In December, Justice Minister Ahmed Al-Zind issued a decree requiring that foreign men pay 50,000 Egyptian pounds in investment certificates at the National Bank of Egypt if they wish to marry women 25 or more years younger than they are.
The decree was met with a lot of criticism from women, activists, and human and women’s rights organisations, which accused the law of legalising and facilitating seasonal summer marriages or “tourist marriages”, as they are called in Egypt.
Municipal elections law:
The New Women Foundation held more than a panel discussion about the local council elections law, which is expected to be issued by the parliament in line with the constitution. The law enhances the participation of women in local units.
Article 180 of the Egyptian constitution stipulates that "Every local unit shall elect a local council by direct and secret ballot for a term of four years.

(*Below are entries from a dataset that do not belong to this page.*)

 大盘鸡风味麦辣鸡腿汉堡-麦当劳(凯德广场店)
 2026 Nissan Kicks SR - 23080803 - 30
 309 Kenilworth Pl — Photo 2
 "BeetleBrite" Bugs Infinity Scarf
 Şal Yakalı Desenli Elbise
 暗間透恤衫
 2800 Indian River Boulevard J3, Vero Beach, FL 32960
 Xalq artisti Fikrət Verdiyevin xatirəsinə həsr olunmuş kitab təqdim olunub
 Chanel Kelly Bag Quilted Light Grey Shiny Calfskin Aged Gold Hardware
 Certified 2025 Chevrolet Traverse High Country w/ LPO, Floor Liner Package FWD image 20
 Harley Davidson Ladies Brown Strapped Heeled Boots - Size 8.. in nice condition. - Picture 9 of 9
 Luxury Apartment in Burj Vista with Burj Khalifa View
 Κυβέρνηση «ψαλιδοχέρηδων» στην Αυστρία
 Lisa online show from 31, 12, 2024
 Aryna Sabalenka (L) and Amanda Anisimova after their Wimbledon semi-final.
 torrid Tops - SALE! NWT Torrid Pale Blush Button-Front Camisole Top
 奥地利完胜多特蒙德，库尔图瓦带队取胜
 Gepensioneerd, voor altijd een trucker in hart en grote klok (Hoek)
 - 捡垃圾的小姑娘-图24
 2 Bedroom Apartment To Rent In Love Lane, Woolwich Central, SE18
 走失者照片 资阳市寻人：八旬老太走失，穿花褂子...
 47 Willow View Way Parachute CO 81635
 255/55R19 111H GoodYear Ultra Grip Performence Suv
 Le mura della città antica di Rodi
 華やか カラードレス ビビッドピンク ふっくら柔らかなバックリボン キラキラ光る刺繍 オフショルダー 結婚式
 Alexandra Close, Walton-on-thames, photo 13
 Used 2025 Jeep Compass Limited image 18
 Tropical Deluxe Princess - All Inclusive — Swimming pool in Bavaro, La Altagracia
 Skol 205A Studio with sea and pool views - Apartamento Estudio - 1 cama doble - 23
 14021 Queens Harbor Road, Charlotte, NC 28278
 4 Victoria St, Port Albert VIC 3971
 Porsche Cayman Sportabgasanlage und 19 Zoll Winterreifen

A candidate shall be at lease twenty one (21) Gregorian years of age."
The article allocates one quarter of the seats to youth under the age of 35 and another quarter for women.
Nevin Ebeid, a member of the foundation, demanded that women stakeholders be involved in the decision making process and the drafting of law.
Ebeid suggested that the law be implemented using the lists system instead of the single-member districts system to make competition easier for women running in the elections.
Nawal Mostafa, the head of Children of Women Prisoners Association, calls for the amendment of some articles in the Child law relating to children of women prisoners, who are currently 150 prisoners.
She rejects the proposed bill, which calls for increasing years of custody inside prisons to four years instead of two years.
Article 31 of the Egyptian Child Law no. 126/2008 stipulates that "A nursery shall be established in every prison for women, according to the specifications for nurseries, where children of female prisoners may be placed until they reach the age of four on condition that the mother stays with her child during the first year of his life.
A decree shall be issued by the Minister of Interior to regulate the communication between the imprisoned mother and her child. The mother shall not take the child to her prison cell and she shall not be deprived from seeing her child or taking care of him as a punitive action for any wrongdoing."
She demanded that imprisoned mothers be kept in a separate building away from prison, yet still under the supervision of the interior ministry as an alternative solution to keeping children inside prison.
She suggested the activation some articles of the law including the postponement of penalty on women in crimes involving the two parents until the lapse of the father's penalty period in order to preserve the family and the society. She explained that the necessity of applying the article in Egypt as the children's fate is undetermined after the imprisonment of their parents.
She also suggested that pregnant women not hold their sentences until they give birth and complete the breastfeeding period. She proposed that sentences handed to mothers be replaced with social services in cases in which the convicted mothers are charged with minor offences.
Mona Ezzat, the director of the Women and Work Programme at the New Woman Foundation, said there are several provisions in the Labour code that need to be amended. She said that the parliament must open a societal dialogue involving all stakeholders before adopting a new law.
One of the key proposed amendments is raising the fine imposed on employers who deprive working women of the privileges granted by the law. These privileges include the maternity leave and setting up nurseries for children of women employees.
She pointed out that the current fine, which starts from EGP 100 and doesn’t exceed EGP 500, is not enough to deter employers from violating the law.
She also noted that the current law excludes housemaids and women working at the agriculture sector from rights and privileges obtained by working women though these are the largest sectors where women work. Ezzat stressed the importance of eliminating such exclusions.